No, Matteo no. La campagna elettorale per le amministrative in Toscana si è chiusa senza i fuochi di artificio dei comizi del segretario del Pd Matteo Renzi. Che è rimasto a casa e si potrà consolare con i fuochi di San Giovanni, la festa del patrono di Firenze, che si festeggia il 24 giugno. La Toscana rossa è in bilico, nelle tre città più importanti chiamate al voto – Carrara, Lucca e Pistoia – il Pd rischia il flop ma i vertici regionali del partito hanno ritenuto di non far scendere in campo l’ex premier. Si è ritenuto che anziché portarli i voti avrebbe potuto sottrarli. Ecco le motivazioni, città per città.
A Lucca, città tradizionalmente bianca, moderata, ex democristiana, non sono molto amati “quelli fuori le mura”. Persino la potente famiglia Marcucci, il senatore Andrea, renziano doc, in testa, non sono ben visti a Lucca, loro che hanno il quartier generale a Barga.
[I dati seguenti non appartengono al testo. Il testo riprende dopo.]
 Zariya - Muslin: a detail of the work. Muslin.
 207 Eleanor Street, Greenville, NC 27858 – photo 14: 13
Figurarsi Renzi. Che viene da Firenze, storicamente avversa a Lucca, tanto che ancora dalla città del giglio alle mura il treno viaggia su un solo binario come ai tempi del Granduca. E poi Lucca, ragionano in casa Pd, ama i toni moderati. Lo scontro tra il sindaco uscente Alessandro Tambellini, dem legato al governatore Enrico Rossi, e il giornalista della Nazione Remo Santini, candidato del centrodestra, è sul filo del rasoio. La venuta di Renzi avrebbe potuto alterare gli equilibri di una campagna vecchio stile tra due lucchesi purosangue. Infine, ultima ragione della rinuncia a Renzi, è la presenza di CasaPound, lista che al primo turno ha conquistato un sorprendente 7,8 contro ad esempio il 7,6 del M5S. La venuta del segretario del Pd avrebbe potuto scatenare reazioni: meglio evitare, i lucchesi non amano le risse.
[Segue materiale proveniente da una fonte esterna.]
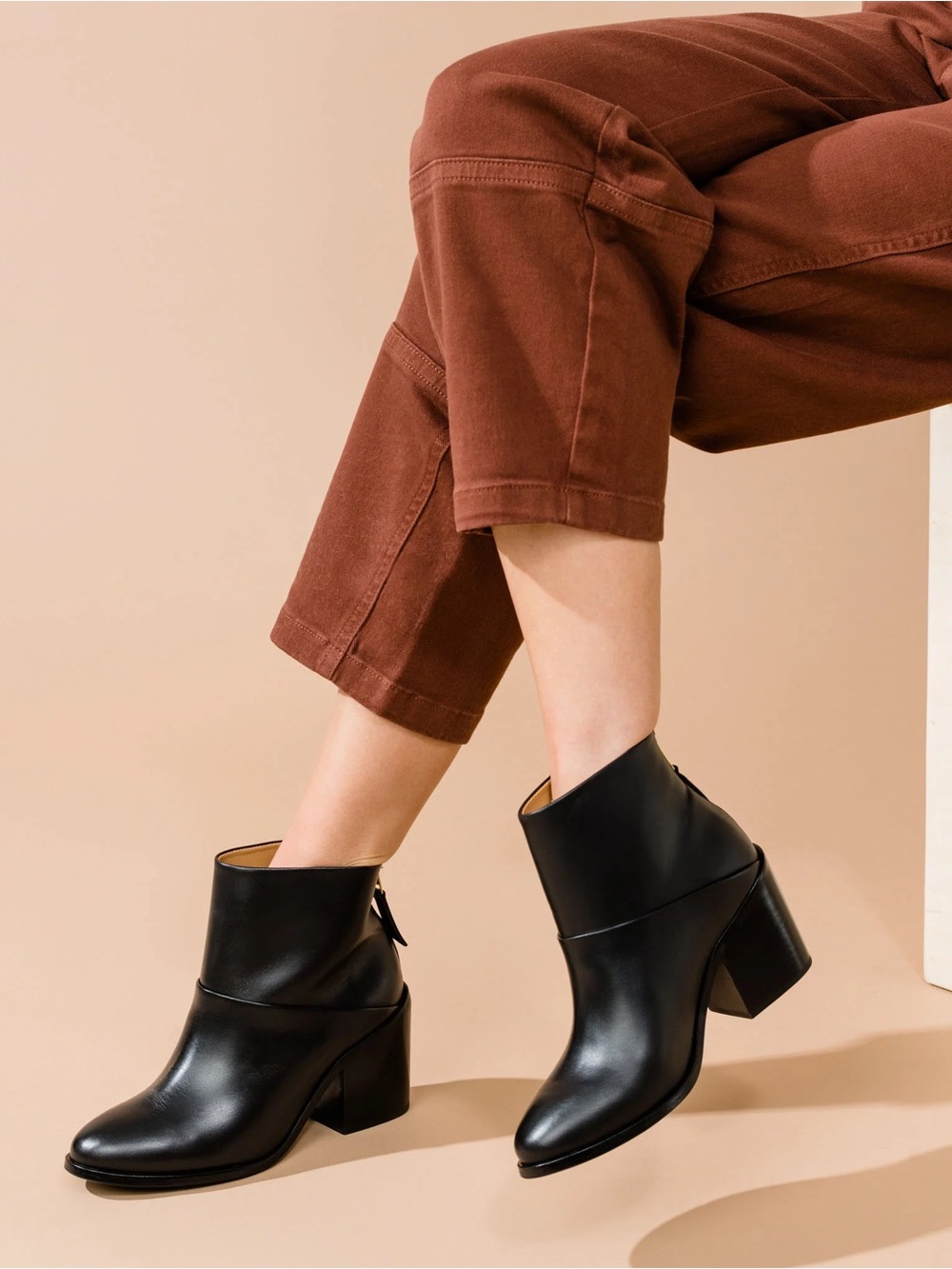 NWT Nisolo Dari Boot 2.0 Black Leather Block Heel Ankle Boots - Picture 3 of 10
A Pistoia il sindaco uscente Samuele Bertinelli ha conquistato al primo turno il 37,1%, una decina di punti in più rispetto al candidato del centrodestra Alessandro Tomasi. Che sulla carta sembrerebbero rassicuranti, ma non lo sono affatto. Intanto perché Bertinelli è un rossiano e i renziani non lo amano, a tal punto che un ex fedelissimo di Renzi, Roberto Bartoli, per reazione ha lasciato il Pd e si è presentato con una propria lista che ha conquistato l’11,72 per cento di voti, che solo in parte potrebbero confluire, al ballottaggio, su Bertinelli. A Carrara infine la situazione per il Pd è messa ancora peggio perché nella città del marmo il candidato del M5S Francesco De Pasquale al primo turno ha superato quello del Pd, Andrea Zanetti (27,27 contro il 25,28). Terzo incomodo Andrea Vannucci, ex assessore della giunta Zubbani, esponente del Pd uscito dal partito per aderire a Articolo 1-Mpd, che ha conquistato al primo turno un buon 15,16. Voti che difficilmente potranno confluire su Zanetti. Situazione che appare disperata per il Pd. Con o senza i comizi di Renzi.
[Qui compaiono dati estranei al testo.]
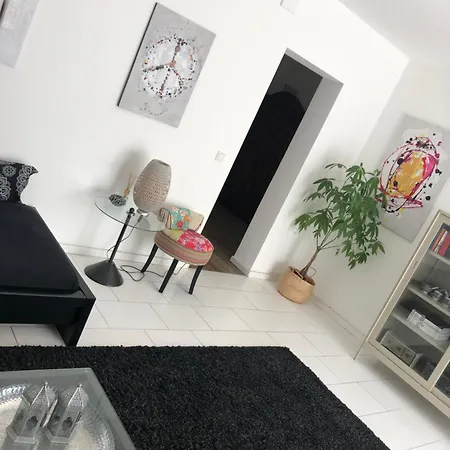 Bel Art Etage Mit Grossem Parkplatz Apartment Haan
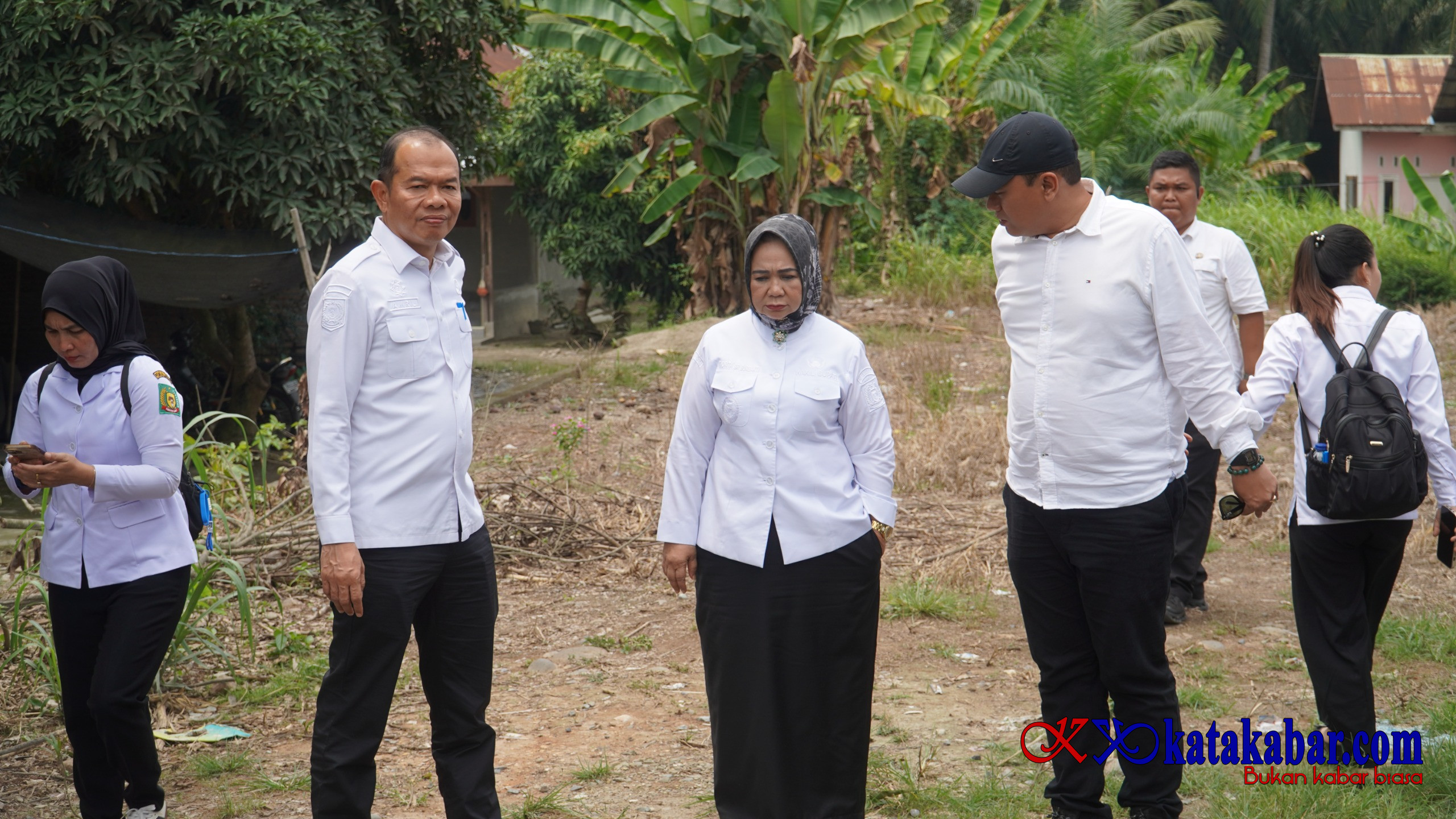 Jalan Kampung Nangka–Kepala Sungai Tahap I Rampung, Tiorita Tinjau Langsung Lokasi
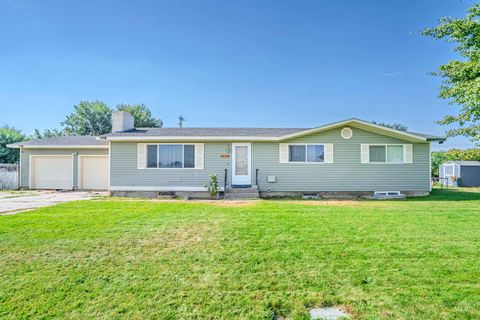 Photo of 401 18th Street, Rupert, ID 83350 (MLS # 98949424)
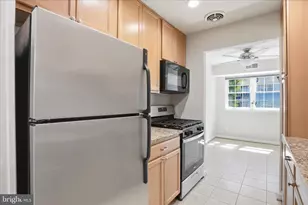 7097 Spring Garden Dr, Springfield, VA 22150 - Photo 6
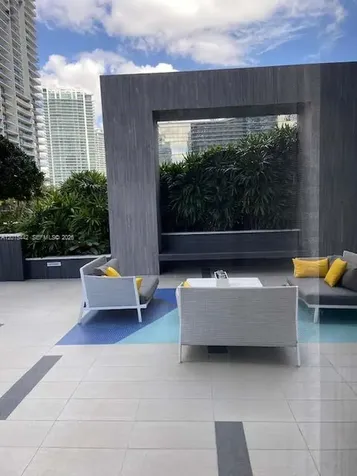 45 SW 9th Street Miami FL 33130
Il segretario del Pd è stato al largo dai comizi ma è rimasto molto deluso dai risultati toscani a tal punto che il 13 giugno scorso ha convocato al circolo Vie Nuove di Firenze tutti i circoli dem della Toscana. Obiettivo? Evitare il flop nei ballottaggi di Carrara, Lucca e Pistoia. Sì perché se il Pd dovesse perderli Renzi rischia grosso a livello di immagine proprio nella sua regione. Dove prima del suo avvento, nel 2013 , alla guida del Pd, soltanto Prato – tra i capoluoghi di provincia – era guidato dal centrodestra. Poi una serie di crolli di città storicamente rosse: nel 2014 Livorno con sindaco Filippo Nogarin del M5S, nel 2015 Arezzo con Alessandro Ghinelli, centrodestra, infine nel 2016 Grosseto con Antonfrancesco Vivarelli, centrodestra. Se il Pd dovesse perdere anche Lucca, Pistoia e Carrara sarebbe per la Toscana una sconfitta storica: solo metà rossa, il resto diviso tra centrodestra e M5S.